Matters took a turn for the better in 2008 and 2010. By 2012 a comprehensive arms package was endorsed by the American Institute in Taiwan (AIT) to provide the Republic of China a “sufficient self-defense capability.”

And Taiwan got what it asked for. A budget of $5.6 billion was set aside for 60 Sikorsky UH-60M Blackhawks and 30 AH-64E’s, with the latter having arrived in Taiwan by late 2013.

Below is the press release by the Defense Security Cooperation Agency (DSCA) from 2010 announcing the imminent arrival of the UH-60M’s:

The Taipei Economic and Cultural Representative Office in the United States has requested a possible sale of 60 UH-60M BLACK HAWK helicopters with 120 T-700-GE-701D engines, 18 spare T-700-GE-701D engines, 69 AN/APR-39A(V)2 Radar Warning Receivers, 69 AN/ALQ- 144A(V)1 Infrared Countermeasure Sets, 69 AN/AAR-57 Common Missile Warning Systems, 69 AN/AVR-2B Laser Detecting Sets, 120 GAU-19/A .50 cal Machine Gun Systems, and 310 AN/AVS-9 Aviator Night Vision Goggles. Also included are .50 cal ammunition, pyrotechnics, cartridges and propellant actuated devices. Also included are other explosives including devices, Po-Sheng Communication/Data Link Systems, ammunition… The estimated cost is $3.1 billion.

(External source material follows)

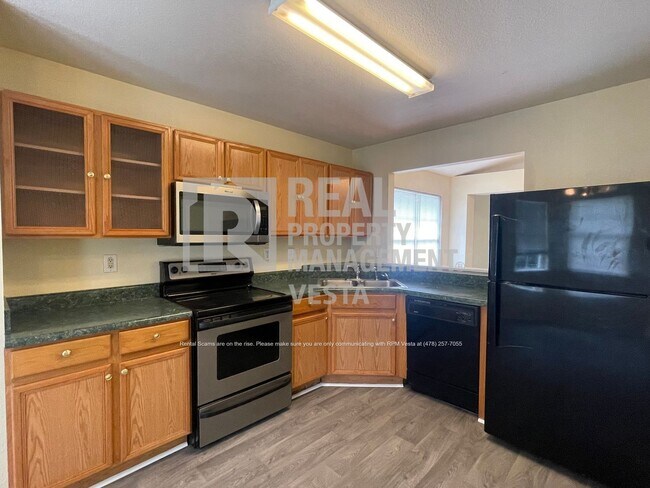 Foto del edificio - 451 Crabapple Pl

It’s interesting to note that this particular batch of Blackhawks are armed with the three-barrel GAU-19/A .50.

US GAU 19A 50-cal minigun

The GAU-19/A is a minigun chambered for .50 caliber rounds. The original Blackhawk’s armament used to be the 7.62mm M60 machine gun, which was replaced by the 5.56mm GAU-17 minigun.

Described by the US military as a multi-mission helicopter, the Blackhawk has performed beyond its basic role as a transport. At one point, Sikorsky partnered with Elbit Systems of Israel to sell a Blackhawk with a conversion kit that transforms it into an attack helicopter designated as the Battlehawk.

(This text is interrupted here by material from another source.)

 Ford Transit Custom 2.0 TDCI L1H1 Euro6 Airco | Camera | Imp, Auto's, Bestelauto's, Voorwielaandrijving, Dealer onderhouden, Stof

In 2011, the US Navy Seal raid on Abbotabad, Pakistan, was carried out using UH-60’s modified with stealth features to avoid detection. Unfortunately, one of these helicopters crashed and its wreckage was collected by the Pakistan’s military. The UH-60’s siblings include civilian, search and rescue, and a maritime versions.

According to Sikorsky, since 1978 a total of 2,300 UH-60 Blackhawks have been built. Its biggest client in recent years is Turkey.